> _WHAT NEEDS TO BE DONE_
Skip any pictures. Repeat the data exactly, from its first line through the line that holds "Retro metalen wandbord", both included.

> _RECORDS TO USE_
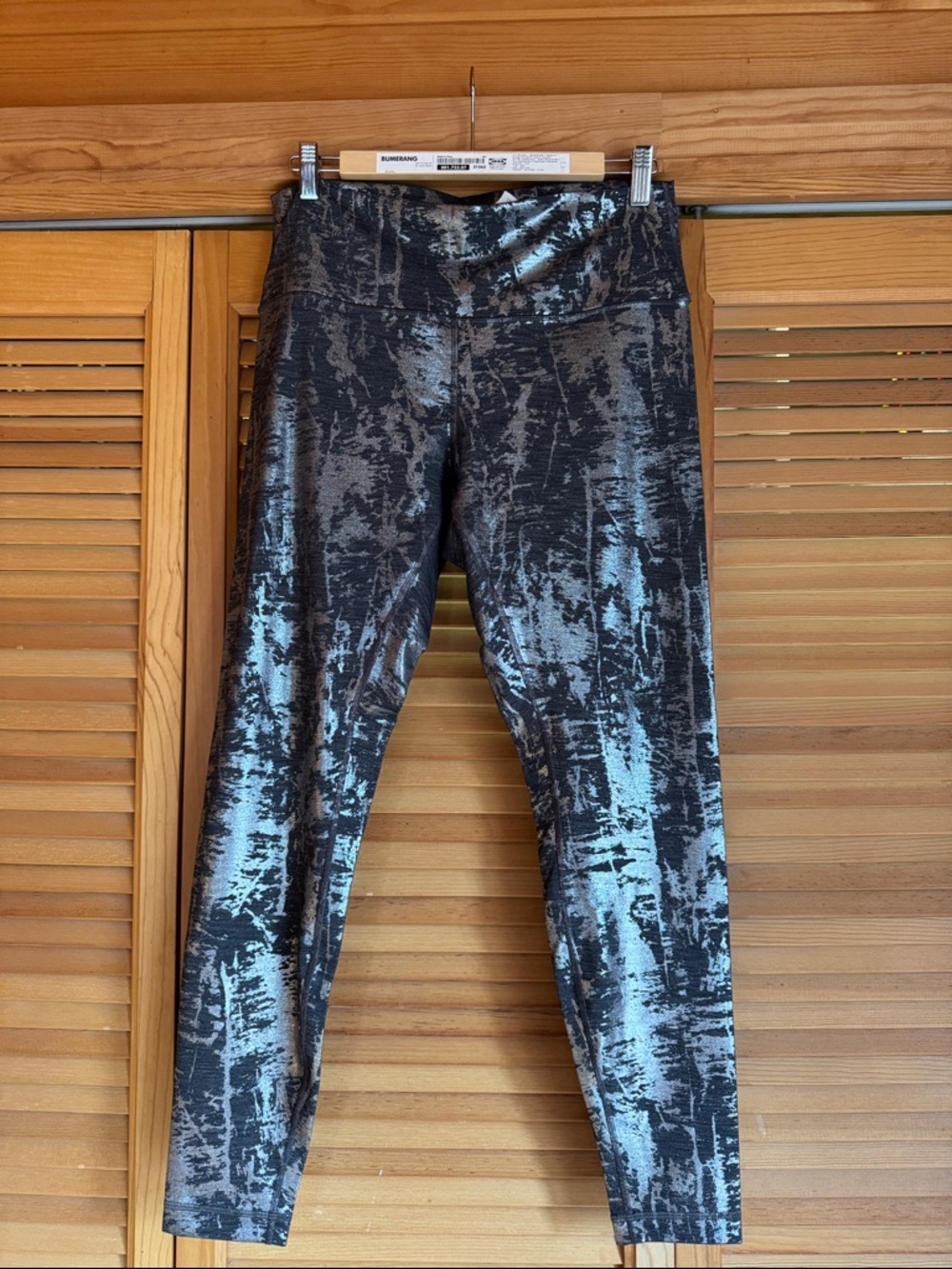 Lululemon Grey and Silver Shimmery Patterned Leggings Size 12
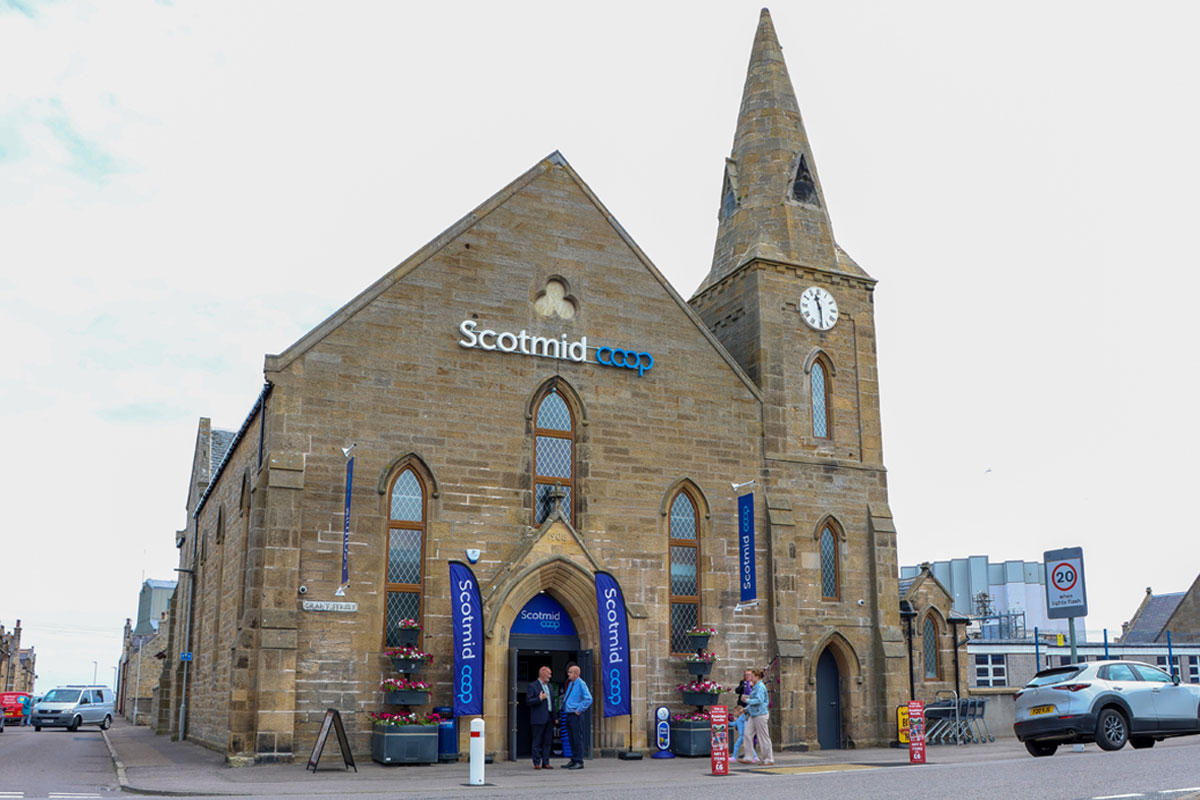 Exterior image of Scotmid Burghead.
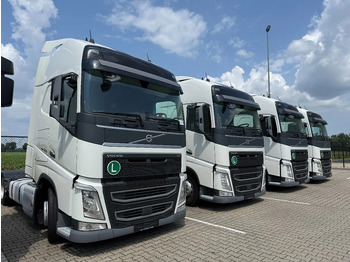 شاحنة جرار VOLVO FH13 420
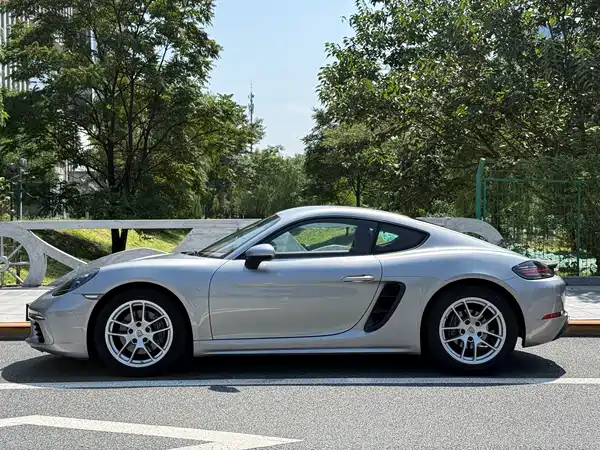 Porsche 718 2019
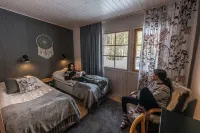 Isokenkäisten Klubi - Wilderness Lodge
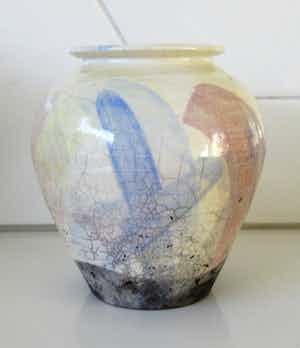 Niet of onleesbaar gesigneerd - Raku Studio keramisch vaasje gesigneerd Carolien... verkocht voor € 1!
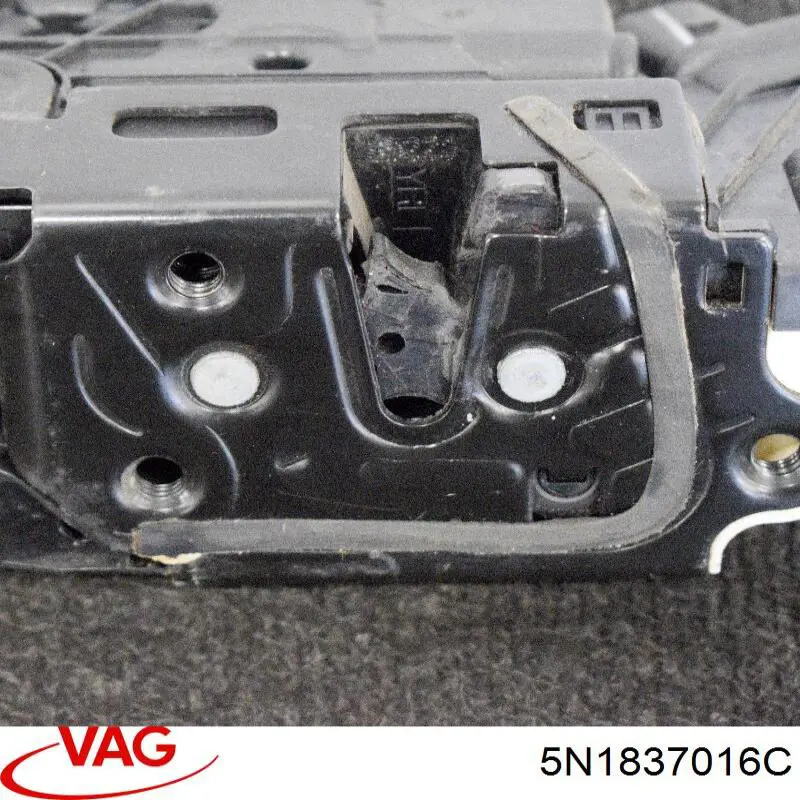 Compre 5N1837016C VAG Fecho da porta dianteira direita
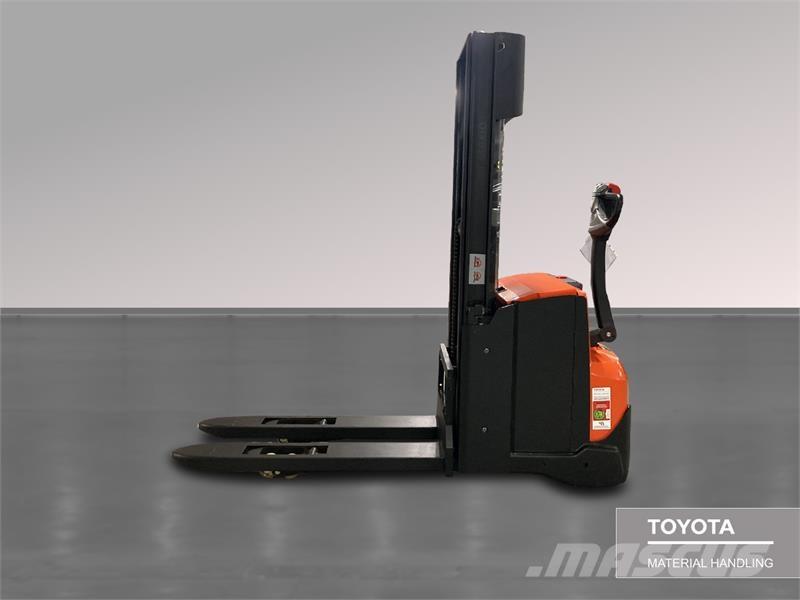 BT SWE120L Παλετοφόρα πεζού χειριστή με ιστό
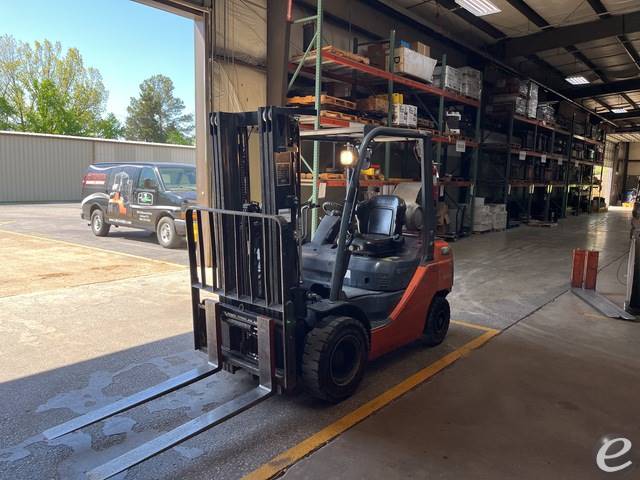 2016 Toyota 8FGU25 LP Gas Forklift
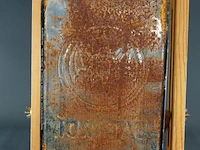 Retro metalen wandbord met reliëf van het merk nostalgic-art met het klassieke zwarte bacardi-logo en de iconische vleermuis - afbeelding 3 van  5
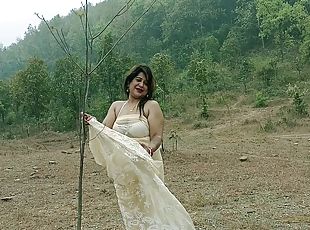 Indian Famous Adult Actress Outdoor Sex !! 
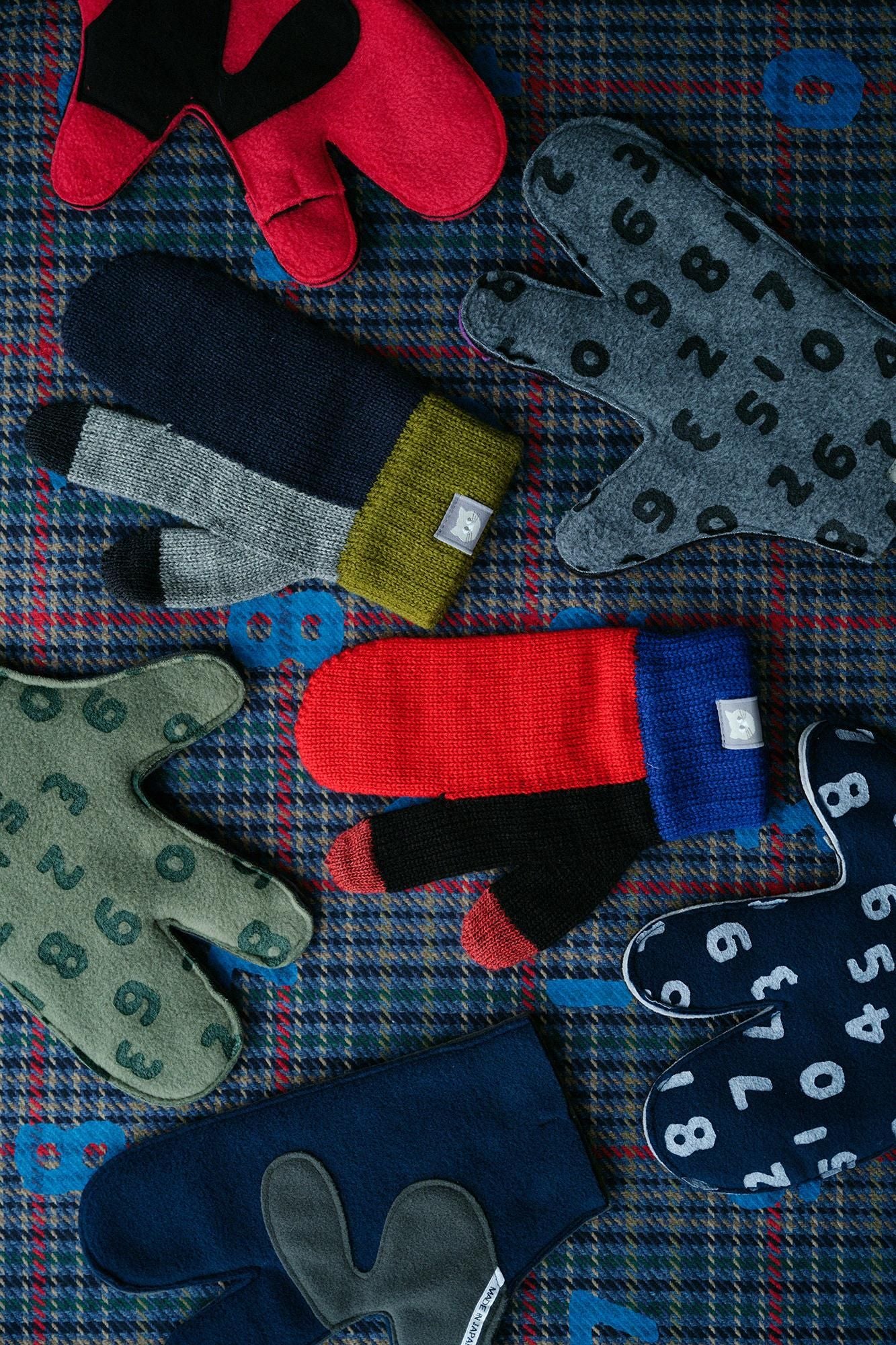 あっちグローブ touch／SO-SU-U昆（こん） 上下（しょうか） 加茂川鼠（かもがわねず）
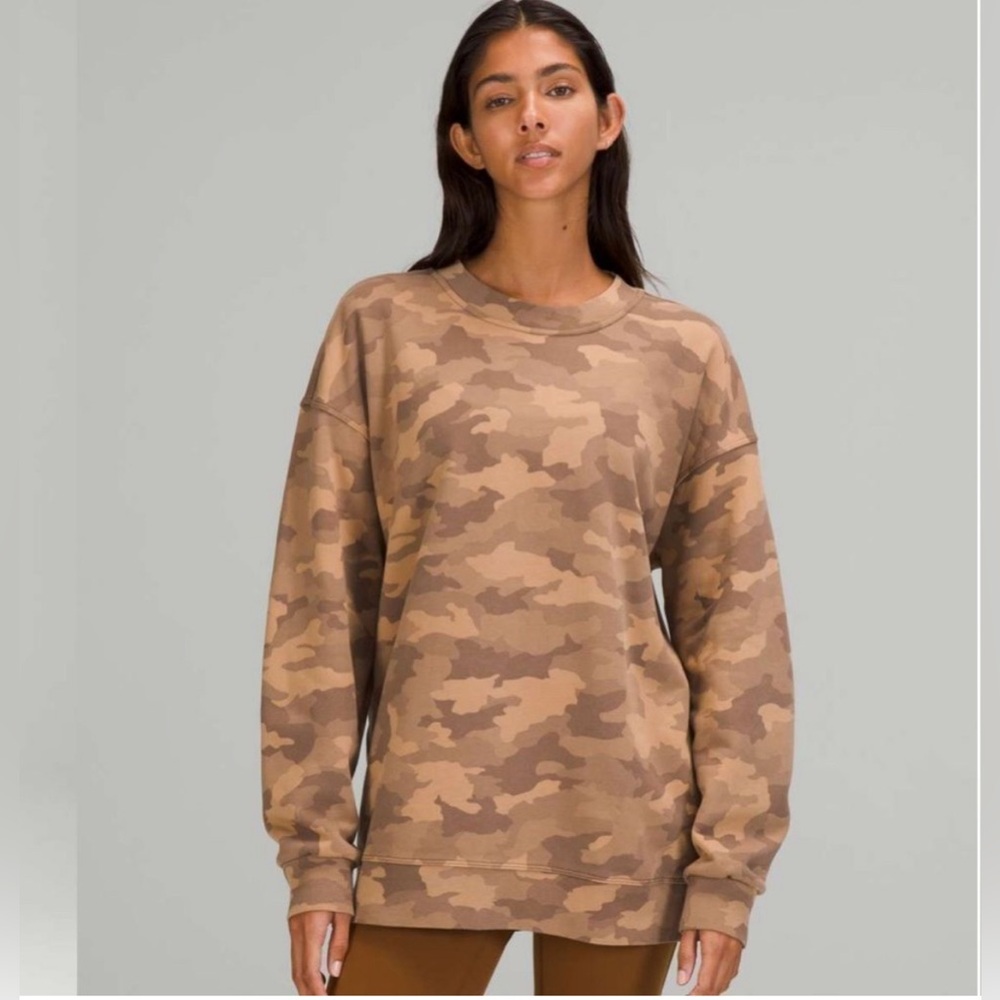 Lululemon Perfectly Oversized Crew Heritage 365 Camo Camouflage Beige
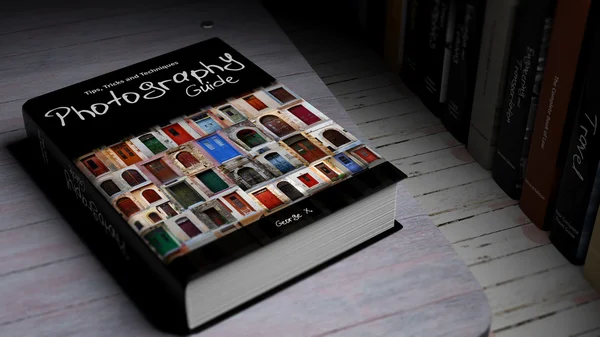 Hardcover bog om fotografering med illustration på omslag, på træoverflade . - Stock-foto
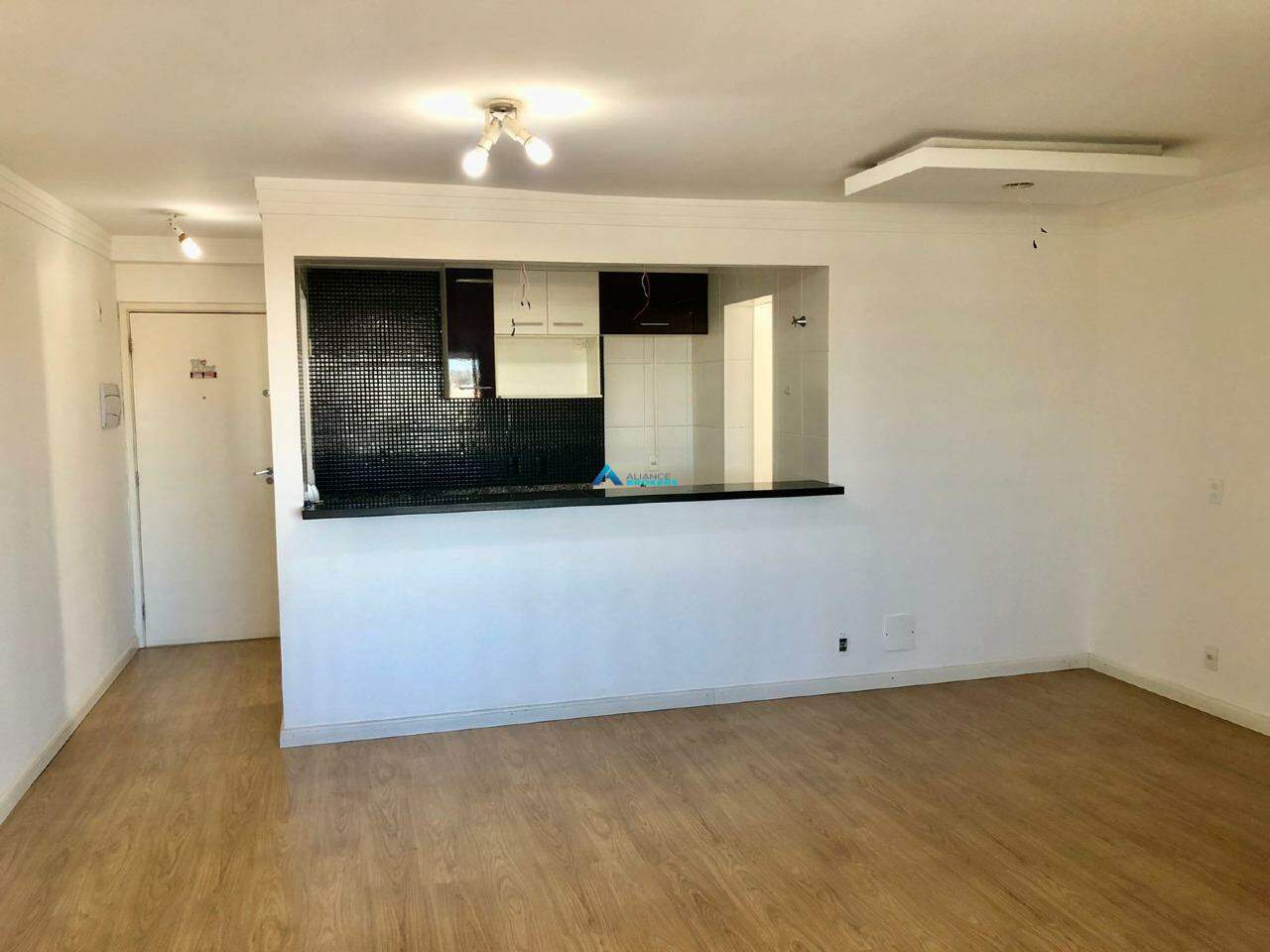 Apartamento à venda com 3 quartos, 87m² - Foto 8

> _WORKED SOLUTION_
 Lululemon Grey and Silver Shimmery Patterned Leggings Size 12
 Exterior image of Scotmid Burghead.
 شاحنة جرار VOLVO FH13 420
 Porsche 718 2019
 Isokenkäisten Klubi - Wilderness Lodge
 Niet of onleesbaar gesigneerd - Raku Studio keramisch vaasje gesigneerd Carolien... verkocht voor € 1!
 Compre 5N1837016C VAG Fecho da porta dianteira direita
 BT SWE120L Παλετοφόρα πεζού χειριστή με ιστό
 2016 Toyota 8FGU25 LP Gas Forklift
 Retro metalen wandbord met reliëf van het merk nostalgic-art met het klassieke zwarte bacardi-logo en de iconische vleermuis - afbeelding 3 van  5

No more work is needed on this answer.